浜田城

浜田城跡

島根県浜田市にある近世の城郭が浜田城跡で、「続日本100名城」に選定。元和5年(1619年)に初代・浜田藩主の古田重治(ふるたしげはる)が築城し、慶応2年(1866年)7月18日、長州軍の攻略の際に松平武聡(まつだいらたけあきら)が自ら火を放ち退城するまで、浜田藩6万1000石の居城となった城です。

浜田藩の藩庁も今では石垣が残るのみ

浜田城跡

徳川頼宣の紀州転封にともなって、元和5年(1619年)2月13日、古田重治は伊勢・松阪から浜田に国替えに。
領内を検分の後、標高70mの鴨山に浜田城の築城を決め、元和9年(1623年)には城郭工事と城下の町割を完了しています。
城の北側は断崖で、眼下に日本海(松原湾)を望み、西と南は浜田川が天然の堀割の役目を果たしています。

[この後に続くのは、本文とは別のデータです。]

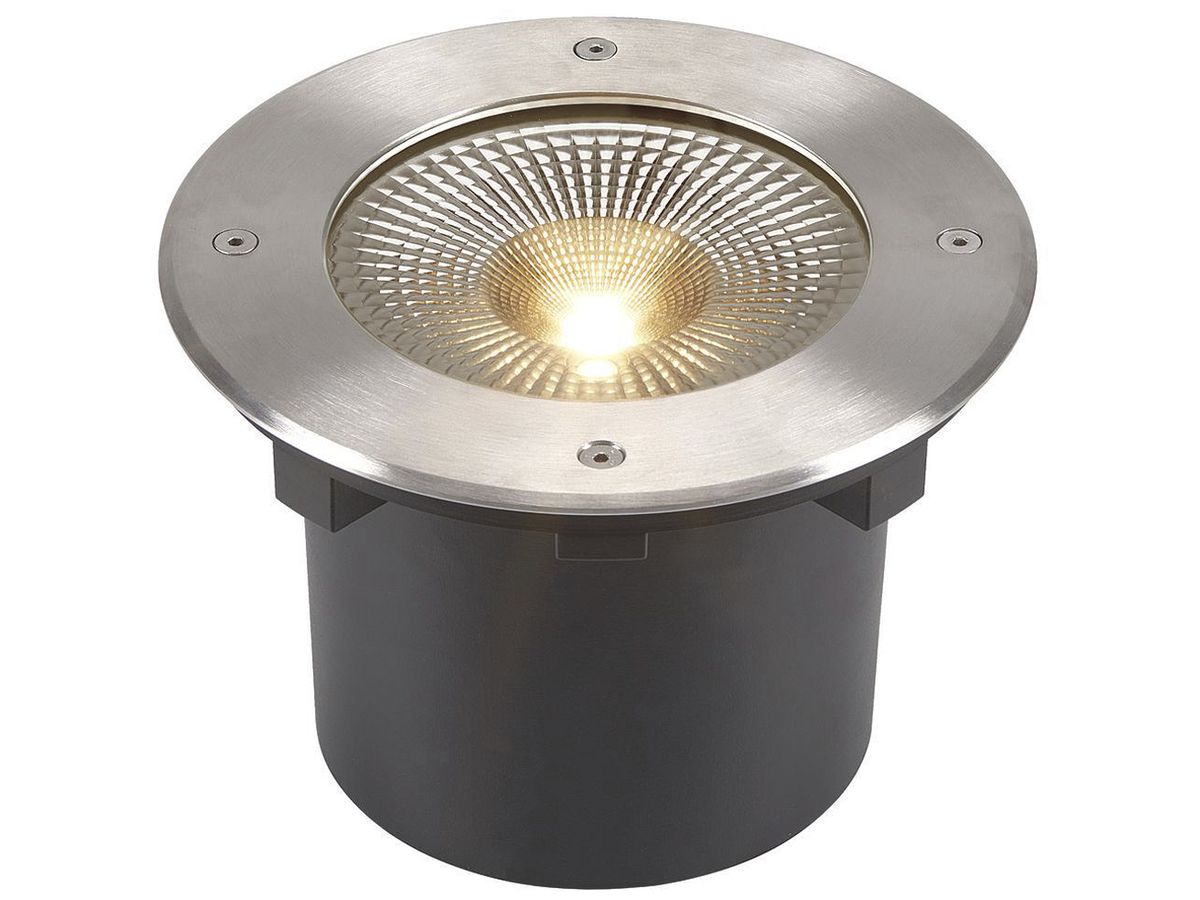 EB-LED-Bodenleuchte SLV ROCCI 200 EL 16W 1530lm 3000K rund Edelstahl IP65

東を石垣で防御した城郭内には、本丸に高さ14mの三重櫓(天守)、二ノ丸に櫓台や本丸常番所、三ノ丸に諸役所、土蔵、表屋敷を配していました。
城下町は浜田川で囲まれた紺屋町・新町・片庭町・蛭子町・門ケ辻町・檜物屋町・辻町・原町で、「浜田八町」と通称。

慶応2年(1866年)の落城と、明治5年の浜田地震で、浜田城の建物はその姿を失いました。
現在、城跡はソメイヨシノ300本が植栽された城山公園として整備され、本丸周辺の石垣が往時を偲ばせています。
ただし登城する道は往時のものとは異なり、大手口も住宅地となってしまっています。

大正3年発表の『カチューシャの唄』(劇団芸術座の『復活』劇中歌)を作詞した島村抱月(しまむらほうげつ)は那賀郡小国村(現・浜田市小国)の出身。
浜田で働きながら夜学に通った関係で、「予が小学時代と独学時代の記憶はすべて浜田にあり」と故郷を懐かしんでいます。
浜田城内には島村抱月碑が文学碑、司馬遼太郎氏が碑文を執筆した「浜田藩追懐の碑」もあります。

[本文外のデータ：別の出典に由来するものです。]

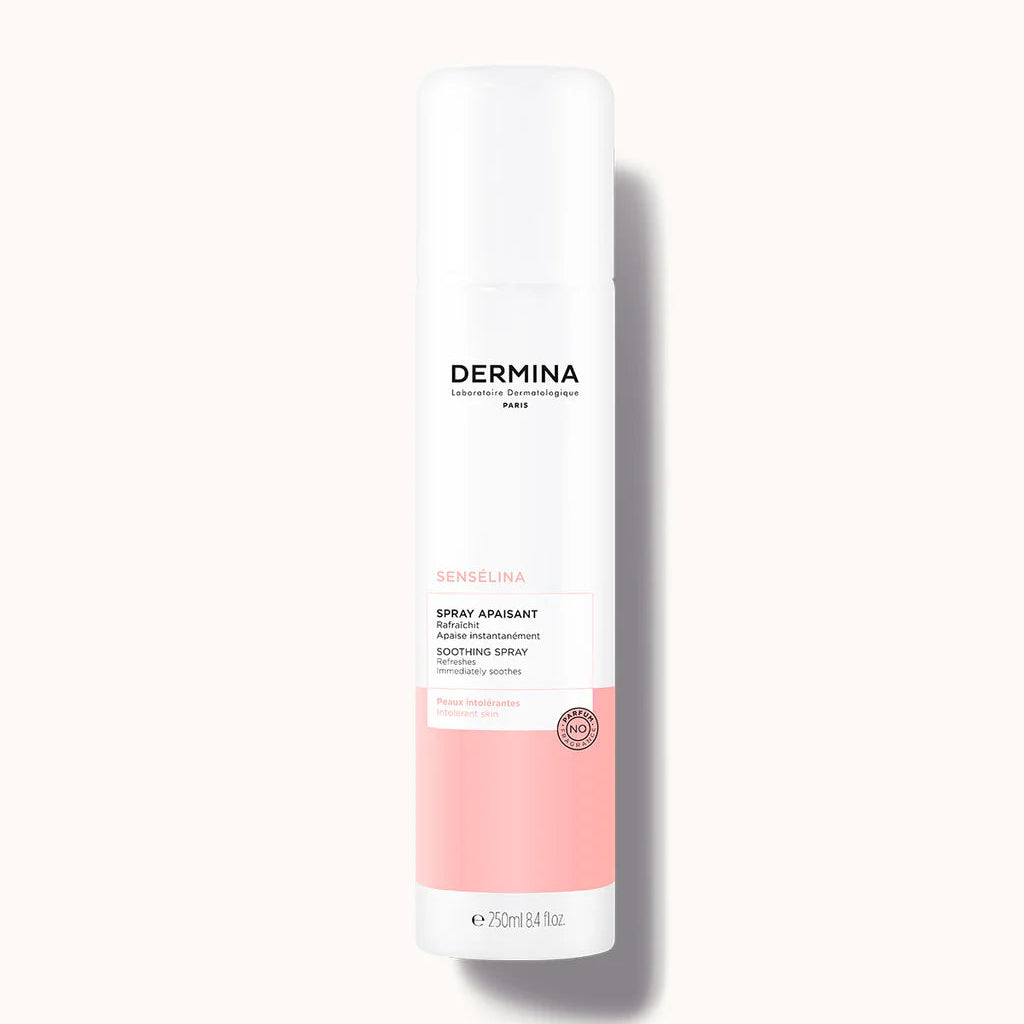 DERMINA Sensélina Spray Apaisant Peaux Intolérantes 250ml Eau Thermale Apaisante Anti-Rougeurs Hydratante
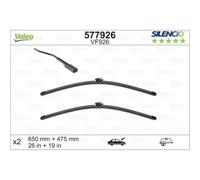VALEO Escobilla Frente Wiper Blade para Mercedes-Benz W246
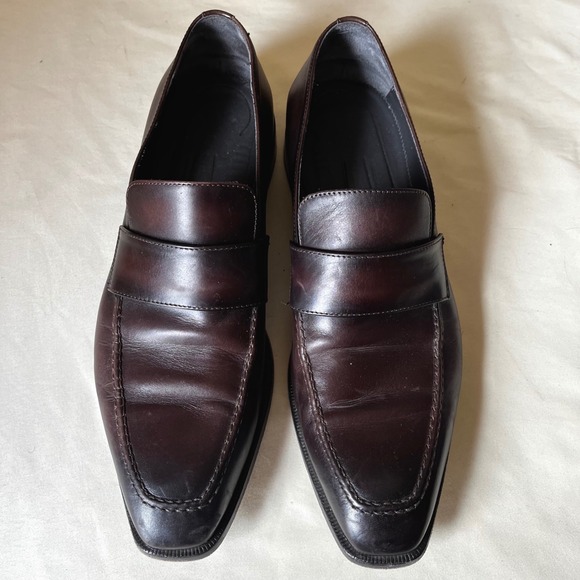 To Boot Other - To Boot New York Penny Loafers Brown Burnished Leather Italy 10.5 D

なお、島根県内では、松江城(松江市/出雲国松江藩の藩庁)、月山富田城(安来市)、津和野城(津和野町/石見国・津和野藩の藩庁)が日本100名城に選定されていますが、続日本100名城は浜田城(石見国・浜田藩の藩庁)のみとなっています。

「浜田藩追懐の碑」 司馬遼太郎

石見國は、山多く、岩骨が海にちらばり、岩根に白波がたぎっている。
 石見人はよく自然に耐え、頼るべきは、おのれの剛毅と質朴と、たがいに対する信のみという暮らしをつづけてきた。
 石見人は誇りたかく、その誇るべき根拠は、ただ石見人であることなのである。
 東に水田のゆたかな出雲があり、南に商人と貨財がゆきかう山陽道があり、西方には長門・周防があって、古来策謀がそだち、大勢力の成立する地だった。
 石見はそれらにかこまれ、ある者は山を耕し、ある者は砂鉄や銀を堀り、ある者は荒海に漕ぎ出して漁をして、いつの世も倦むことがなかった。
 浜田の地に城と城下がつくられたのは、江戸初期であった。幕府は、この城をもって、毛利氏という外様藩に対するいわば最前線の牙城とした。
 以後、藩主は十八代を経、城は二百四十八年つづいた。幕末、西方の長州藩が革命化して、幕府の規制から離れた。
 長州軍は時のいきおいを得、また火力と軍制を一新させ、各地で幕軍を破った。
 ついには浜田城下に押しよせた。浜田藩は和戦についての衆議がまとまらず、さらには二十五歳の藩主松平武聰は病臥中でもあって、曲折のすえ、みずから城を焼いてしりぞいた。明治維新に先立つ二年前の慶応二年(一八六六)のことである。
いま、城あとは苔と草木と石垣のみである。それらに積もる風霜こそ、歴史の記念碑といっていい。

浜田城
名称 浜田城/はまだじょう
所在地 島根県浜田市殿町
関連HP 浜田市観光協会公式ホームページ
電車・バスで JR浜田駅から徒歩20分
ドライブで 浜田自動車道浜田ICから約4.8km
駐車場 30台/無料
問い合わせ 浜田市観光協会 TEL:0855-24-1085
掲載の内容は取材時のものです。最新の情報をご確認の上、おでかけ下さい。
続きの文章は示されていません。